As marcas que ali se vendiam e os produtos que se mostravam, eram iguais nos tempos da minha infância. O negócio não ia longe, mas o problema não estava lá fora, na rua, como parecia aos olhos daquele empresário confuso – o problema estava ali, nos seus produtos, nas suas colecções e no seu armazém - que mostrava tudo e não mostrava nada, que tinha tudo, e ao mesmo tempo, não tinha nada. E porquê? porque as modas ficaram diferentes, ano após ano, e agora, qualquer semelhança com o passado, é uma excepção. Falamos, então, no ciclo de vida dos produtos.

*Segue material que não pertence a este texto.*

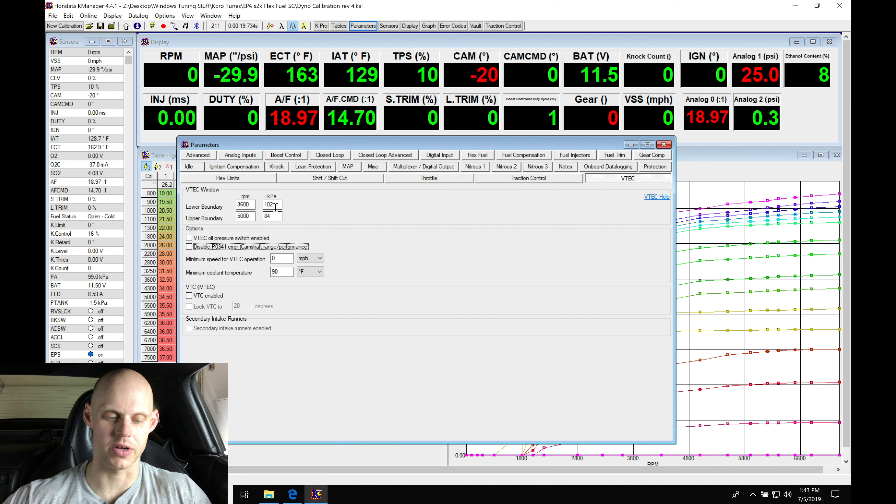We don't know exactly where we're going to end up, but we should be pretty close. For columns 12 and 13 on the high cam table, I'm going to set these to a value of 18 degrees as our starting point.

Embora as tendencias possam repetir-se no espaço e no tempo, de X em X anos, de facto, o produto segue a sua curva vital, com uma cauda maior ou menor, mas com um destino certo: o seu desaparecimento. Uma das razões desse ciclo é a moda.



A moda, não é só a coisa fashion da Metropole. A moda é o padrão de escolhas e preferências, que em pouco tempo se generalizam a toda a sociedade consumista ou a todo um grupo/segmento em particular.



A moda é talvez o fenómeno social (com o seu “Quê” também cultural), que retrata perfeitamente o inicio e o fim do ciclo de vida de muitos produtos. A guerra dos mercados vive, por isso, na antecipação ou na produção das modas.



Antecipar modas é estar atento aos pequenos sinais - um gesto, uma imagem, um video - ou uma sequência deles, que expõem um produto ou uma marca e que incitam o consumo e a preferência. Pode ser George Clooney no seu TANGO T600 (veículo eléctrico) ou a Construtora Visabeira a usar produtos WURTH como também pode ser  a Jovem modelo lá do sitio, que começou a usar o seu relógio Cásio de 1985, e que assim espalha charme pelo bairro alto  – e claro, espalha também as tendências de compra.



 Mas nem sempre as tendências são obra do acaso e da coincidência. Claro está que muitas delas nascem de outra forma, em outro local. Muitas empresas têm na sua fábrica, uma máquina de muito valor, na produção de modas: é a poderosa máquina do marketing. E assim, zumbem aos ouvidos dos líderes, dos subscritores, dos consultores ou opinadores e colocam-nos na linha da frente desta batalha – produzindo modas, fabricando tendências e construindo modelos e referências, fundamentados em histórias e fábulas de sonho, bem conseguidas, que alimentam o ego consumidor com razões de compra de um valor intangivel, menos fisico mas muito mais valioso.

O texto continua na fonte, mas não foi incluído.